“THE ENCAMPMENTS” DI KEI PRITSKER E MICHAEL T. WORKMAN

“Sistematica distruzione di una popolazione, una stirpe, una razza o una comunità religiosa” questa la definizione della parola genocidio, termine quanto mai attuale che dal 7 ottobre 2023 sembra essere diventato tabu. Il documentario The Encampments – Gli accampamenti diretto da Kei Pritsker e Michael T. Workman mostra le massime conseguenze di questa repressione espressiva nelle università americane.

Il film, che arriva come un pugno a tutta velocità nello stomaco dello spettatore, racconta il movimento studentesco di protesta nato alla Columbia University nella primavera 2024 e poi diffusosi nel resto degli Stati Uniti e del mondo, non come un fatto di cronaca, ma come manifestazione visibile di una frattura generazionale e politica ormai irreversibile. L’accampamento da semplice gesto simbolico di una cinquantina di studenti, diventa un detonatore capace di trasformare campus prestigiosi in luoghi di scontro pubblico, mettendo a nudo le relazioni tra le università americane e l’economia bellica israeliana.

I registi non cercano neutralità: osservano la realtà con la consapevolezza di chi proviene dall’attivismo e dal documentario politico, e fa di questa prospettiva una chiave di lettura fondamentale. La forza del racconto è presente nell’intimità delle testimonianze. Le voci di Mahmoud Khalil, Sueda Polat, Grant Miner e Naye Idriss compongono un mosaico identitario complesso in cui origini palestinesi, ebraiche e mediorientali si intrecciano senza semplificazioni. Non c’è retorica rivoluzionaria né estetizzazione della protesta: il film mette al centro la paura, la fatica, i raid notturni, gli arresti, la tensione che attraversa ogni giornata negli accampamenti, fino a far percepire allo spettatore il peso reale delle scelte che comportano rischi personali enormi. La presenza della giornalista Bisan Owda da Gaza aggiunge un ulteriore livello di ascolto, ricordando che le tende montate sul prato delle università hanno una risonanza diretta con la guerra in corso.

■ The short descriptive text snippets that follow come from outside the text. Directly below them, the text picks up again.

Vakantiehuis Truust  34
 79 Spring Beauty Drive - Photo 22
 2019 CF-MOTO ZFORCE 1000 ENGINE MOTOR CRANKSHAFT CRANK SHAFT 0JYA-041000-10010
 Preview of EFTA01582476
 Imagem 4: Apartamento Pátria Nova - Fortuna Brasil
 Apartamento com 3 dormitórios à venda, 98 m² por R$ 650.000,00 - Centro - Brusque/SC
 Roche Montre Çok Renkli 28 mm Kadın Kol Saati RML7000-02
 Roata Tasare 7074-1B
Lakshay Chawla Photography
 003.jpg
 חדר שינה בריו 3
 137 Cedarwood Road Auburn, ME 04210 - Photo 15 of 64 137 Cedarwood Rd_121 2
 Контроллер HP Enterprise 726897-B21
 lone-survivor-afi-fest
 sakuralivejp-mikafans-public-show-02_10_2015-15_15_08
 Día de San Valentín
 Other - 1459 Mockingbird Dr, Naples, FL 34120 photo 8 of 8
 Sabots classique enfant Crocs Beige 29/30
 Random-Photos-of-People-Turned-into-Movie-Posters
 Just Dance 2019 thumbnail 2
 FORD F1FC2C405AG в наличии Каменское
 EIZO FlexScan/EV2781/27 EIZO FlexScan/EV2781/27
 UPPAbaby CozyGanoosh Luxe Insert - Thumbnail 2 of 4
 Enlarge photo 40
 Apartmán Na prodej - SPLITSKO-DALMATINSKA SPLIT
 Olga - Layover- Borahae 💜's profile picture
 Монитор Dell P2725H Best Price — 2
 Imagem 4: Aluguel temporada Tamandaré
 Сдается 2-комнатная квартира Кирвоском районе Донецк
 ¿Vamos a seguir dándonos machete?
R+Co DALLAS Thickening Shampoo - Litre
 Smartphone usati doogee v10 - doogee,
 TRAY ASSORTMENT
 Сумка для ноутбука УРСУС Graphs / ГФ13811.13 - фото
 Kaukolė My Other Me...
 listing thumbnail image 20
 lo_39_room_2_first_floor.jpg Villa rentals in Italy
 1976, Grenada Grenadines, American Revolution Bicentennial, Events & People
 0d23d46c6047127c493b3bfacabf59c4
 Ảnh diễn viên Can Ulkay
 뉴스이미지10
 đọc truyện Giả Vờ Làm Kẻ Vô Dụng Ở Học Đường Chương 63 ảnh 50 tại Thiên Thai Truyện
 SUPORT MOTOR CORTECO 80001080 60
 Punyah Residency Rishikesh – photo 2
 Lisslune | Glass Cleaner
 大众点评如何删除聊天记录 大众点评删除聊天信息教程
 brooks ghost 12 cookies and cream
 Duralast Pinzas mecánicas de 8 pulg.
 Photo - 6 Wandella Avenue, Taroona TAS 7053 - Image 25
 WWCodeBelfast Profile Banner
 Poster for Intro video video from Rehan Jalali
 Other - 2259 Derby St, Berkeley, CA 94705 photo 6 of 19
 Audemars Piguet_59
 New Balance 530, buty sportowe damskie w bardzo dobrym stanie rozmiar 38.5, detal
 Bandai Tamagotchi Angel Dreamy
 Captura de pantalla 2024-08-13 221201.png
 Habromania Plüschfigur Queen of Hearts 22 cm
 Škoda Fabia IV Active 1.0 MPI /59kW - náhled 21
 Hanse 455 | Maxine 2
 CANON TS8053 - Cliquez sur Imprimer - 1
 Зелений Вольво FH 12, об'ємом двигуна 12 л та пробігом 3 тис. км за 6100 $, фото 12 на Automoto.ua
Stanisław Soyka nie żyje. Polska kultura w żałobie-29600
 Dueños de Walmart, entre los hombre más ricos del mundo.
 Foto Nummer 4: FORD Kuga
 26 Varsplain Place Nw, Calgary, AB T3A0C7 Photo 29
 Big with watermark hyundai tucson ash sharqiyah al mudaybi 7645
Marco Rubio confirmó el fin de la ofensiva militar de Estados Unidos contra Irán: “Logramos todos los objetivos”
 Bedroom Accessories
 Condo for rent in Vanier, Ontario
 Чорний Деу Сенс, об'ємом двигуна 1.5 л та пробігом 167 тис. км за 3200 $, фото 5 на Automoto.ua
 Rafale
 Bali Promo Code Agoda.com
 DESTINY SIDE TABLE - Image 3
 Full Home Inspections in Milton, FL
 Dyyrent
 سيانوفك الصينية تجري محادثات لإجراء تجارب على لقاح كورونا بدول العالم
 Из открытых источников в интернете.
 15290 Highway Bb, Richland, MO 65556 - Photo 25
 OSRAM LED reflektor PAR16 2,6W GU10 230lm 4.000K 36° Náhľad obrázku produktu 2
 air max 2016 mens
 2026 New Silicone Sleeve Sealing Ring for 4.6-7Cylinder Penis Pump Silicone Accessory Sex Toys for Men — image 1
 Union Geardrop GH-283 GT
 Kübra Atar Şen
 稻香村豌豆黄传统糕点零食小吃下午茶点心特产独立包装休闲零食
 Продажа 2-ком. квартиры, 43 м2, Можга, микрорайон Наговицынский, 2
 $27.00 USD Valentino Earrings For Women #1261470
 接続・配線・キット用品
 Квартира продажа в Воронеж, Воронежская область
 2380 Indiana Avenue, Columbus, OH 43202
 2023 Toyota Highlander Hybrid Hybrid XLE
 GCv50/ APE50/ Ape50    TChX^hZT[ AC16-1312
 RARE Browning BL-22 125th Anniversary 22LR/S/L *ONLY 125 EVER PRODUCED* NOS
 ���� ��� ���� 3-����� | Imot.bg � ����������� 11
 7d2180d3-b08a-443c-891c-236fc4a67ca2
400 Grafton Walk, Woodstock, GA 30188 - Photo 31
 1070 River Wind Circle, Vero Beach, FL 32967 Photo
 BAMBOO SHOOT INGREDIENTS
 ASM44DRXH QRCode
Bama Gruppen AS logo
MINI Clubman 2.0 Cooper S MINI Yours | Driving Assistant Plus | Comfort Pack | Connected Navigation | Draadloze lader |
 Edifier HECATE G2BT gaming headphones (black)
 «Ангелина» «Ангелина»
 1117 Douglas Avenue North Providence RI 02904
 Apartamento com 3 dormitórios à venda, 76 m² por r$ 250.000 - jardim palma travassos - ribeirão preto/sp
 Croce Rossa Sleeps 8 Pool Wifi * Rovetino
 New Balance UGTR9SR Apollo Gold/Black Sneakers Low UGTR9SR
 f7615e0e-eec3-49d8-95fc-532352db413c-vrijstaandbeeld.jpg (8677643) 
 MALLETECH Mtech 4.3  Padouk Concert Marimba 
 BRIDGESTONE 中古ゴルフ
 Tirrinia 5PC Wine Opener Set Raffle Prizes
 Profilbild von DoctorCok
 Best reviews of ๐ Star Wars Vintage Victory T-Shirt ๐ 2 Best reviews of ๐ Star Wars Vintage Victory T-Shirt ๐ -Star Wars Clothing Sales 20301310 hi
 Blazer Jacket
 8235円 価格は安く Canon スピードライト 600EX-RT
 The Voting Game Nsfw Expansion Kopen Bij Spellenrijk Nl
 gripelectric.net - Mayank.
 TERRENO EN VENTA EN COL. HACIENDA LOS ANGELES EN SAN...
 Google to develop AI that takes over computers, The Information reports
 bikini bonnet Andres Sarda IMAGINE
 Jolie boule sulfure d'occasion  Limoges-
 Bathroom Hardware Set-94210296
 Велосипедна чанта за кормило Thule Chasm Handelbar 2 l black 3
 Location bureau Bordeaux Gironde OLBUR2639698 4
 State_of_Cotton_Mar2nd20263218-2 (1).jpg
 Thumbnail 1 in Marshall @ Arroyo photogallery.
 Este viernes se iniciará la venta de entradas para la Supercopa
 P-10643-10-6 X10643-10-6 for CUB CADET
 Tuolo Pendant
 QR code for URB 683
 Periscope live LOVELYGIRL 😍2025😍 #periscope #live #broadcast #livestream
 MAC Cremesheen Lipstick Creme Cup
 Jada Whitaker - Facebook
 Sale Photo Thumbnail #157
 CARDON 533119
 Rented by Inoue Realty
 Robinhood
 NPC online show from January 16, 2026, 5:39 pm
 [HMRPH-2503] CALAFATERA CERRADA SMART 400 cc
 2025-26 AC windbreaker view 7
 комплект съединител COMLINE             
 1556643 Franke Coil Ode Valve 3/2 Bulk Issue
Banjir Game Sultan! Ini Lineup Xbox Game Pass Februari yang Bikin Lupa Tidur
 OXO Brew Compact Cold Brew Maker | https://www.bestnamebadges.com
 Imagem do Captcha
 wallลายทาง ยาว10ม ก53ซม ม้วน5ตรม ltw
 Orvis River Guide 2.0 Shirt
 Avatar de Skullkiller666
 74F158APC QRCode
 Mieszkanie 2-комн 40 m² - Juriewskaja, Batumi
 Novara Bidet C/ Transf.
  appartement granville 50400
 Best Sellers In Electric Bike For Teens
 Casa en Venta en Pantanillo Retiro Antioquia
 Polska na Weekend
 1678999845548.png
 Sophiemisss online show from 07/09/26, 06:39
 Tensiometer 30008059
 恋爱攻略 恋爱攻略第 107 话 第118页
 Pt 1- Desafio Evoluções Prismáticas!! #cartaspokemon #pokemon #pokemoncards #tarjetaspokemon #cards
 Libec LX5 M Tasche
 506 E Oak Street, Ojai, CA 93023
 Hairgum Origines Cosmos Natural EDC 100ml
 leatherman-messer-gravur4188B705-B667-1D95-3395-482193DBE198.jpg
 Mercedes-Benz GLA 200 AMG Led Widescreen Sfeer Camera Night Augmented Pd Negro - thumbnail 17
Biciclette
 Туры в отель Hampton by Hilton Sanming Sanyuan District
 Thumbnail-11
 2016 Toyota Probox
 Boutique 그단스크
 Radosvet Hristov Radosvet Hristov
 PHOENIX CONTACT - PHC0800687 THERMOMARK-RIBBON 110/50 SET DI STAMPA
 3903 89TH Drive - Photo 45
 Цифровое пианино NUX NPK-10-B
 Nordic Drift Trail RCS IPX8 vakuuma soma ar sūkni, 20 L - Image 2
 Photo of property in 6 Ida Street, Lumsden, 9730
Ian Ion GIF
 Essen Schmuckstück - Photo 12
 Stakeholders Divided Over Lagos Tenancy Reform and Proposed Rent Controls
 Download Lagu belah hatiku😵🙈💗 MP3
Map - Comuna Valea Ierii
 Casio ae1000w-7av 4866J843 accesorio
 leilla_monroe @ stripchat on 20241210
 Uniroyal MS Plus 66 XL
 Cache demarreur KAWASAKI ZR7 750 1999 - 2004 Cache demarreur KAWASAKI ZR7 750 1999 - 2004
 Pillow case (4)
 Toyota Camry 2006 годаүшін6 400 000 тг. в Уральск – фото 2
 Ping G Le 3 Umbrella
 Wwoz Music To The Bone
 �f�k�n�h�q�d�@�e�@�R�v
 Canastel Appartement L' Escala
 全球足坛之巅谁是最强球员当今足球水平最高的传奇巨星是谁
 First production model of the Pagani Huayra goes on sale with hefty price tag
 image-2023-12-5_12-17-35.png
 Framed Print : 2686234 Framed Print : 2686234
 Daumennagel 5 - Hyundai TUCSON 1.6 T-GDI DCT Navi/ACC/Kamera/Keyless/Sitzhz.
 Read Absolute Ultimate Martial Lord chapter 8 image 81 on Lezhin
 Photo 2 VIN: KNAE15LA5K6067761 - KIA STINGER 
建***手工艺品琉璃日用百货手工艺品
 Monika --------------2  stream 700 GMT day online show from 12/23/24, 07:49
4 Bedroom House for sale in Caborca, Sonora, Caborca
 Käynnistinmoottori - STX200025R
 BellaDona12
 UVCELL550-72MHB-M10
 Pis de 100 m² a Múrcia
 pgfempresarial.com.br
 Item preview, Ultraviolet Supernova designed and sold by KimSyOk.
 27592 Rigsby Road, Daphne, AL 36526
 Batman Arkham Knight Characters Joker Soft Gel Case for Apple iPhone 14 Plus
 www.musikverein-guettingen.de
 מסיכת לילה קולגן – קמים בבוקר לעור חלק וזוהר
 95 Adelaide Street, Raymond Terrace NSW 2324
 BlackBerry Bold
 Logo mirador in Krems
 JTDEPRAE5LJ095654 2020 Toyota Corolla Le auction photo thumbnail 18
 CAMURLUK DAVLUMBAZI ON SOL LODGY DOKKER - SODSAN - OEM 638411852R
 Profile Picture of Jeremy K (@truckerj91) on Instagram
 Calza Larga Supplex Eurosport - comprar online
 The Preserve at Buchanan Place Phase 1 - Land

The Encampments è anche un racconto sulla crisi delle istituzioni negli Stati Uniti. Le università, luoghi di formazione critica, reagiscono con divieti, sospensioni, massicce operazioni di polizia. L’ingresso delle forze dell’ordine nel campus dopo cinquant’anni di interdizione è mostrato come una svolta storica, rivelando paure e complicità di chi, per difendere interessi economici, sceglie di silenziare gli studenti invece di confrontarsi con le loro domande. Il film insiste proprio su questa domanda: cosa significa oggi ribellarsi quando l’istituzione accademica si erge come un apparato di controllo più che come centro di elaborazione culturale?

Il montaggio alterna materiali d’archivio recenti, riprese sul campo e interviste dirette, costruendo un ritmo che segue l’escalation del movimento. Gli slogan scanditi a voce alta “Disclose, divest, we will not stop” risuonano come un contrappunto emotivo alla freddezza dei documenti che svelano gli investimenti delle università americane, rendendo evidente il conflitto strutturale tra educazione e profitto. Ciò che emerge è un paradosso che i registi mettono a fuoco con chiarezza: sono gli studenti più brillanti, formati da quelle stesse istituzioni, a contestarne le fondamenta etiche. Il film non costruisce eroi, non cerca una conclusione consolatoria. Documenta un processo in atto, una generazione che non accetta più la paralisi morale dell’Occidente e che trova nell’azione collettiva un modo per riappropriarsi dello spazio pubblico.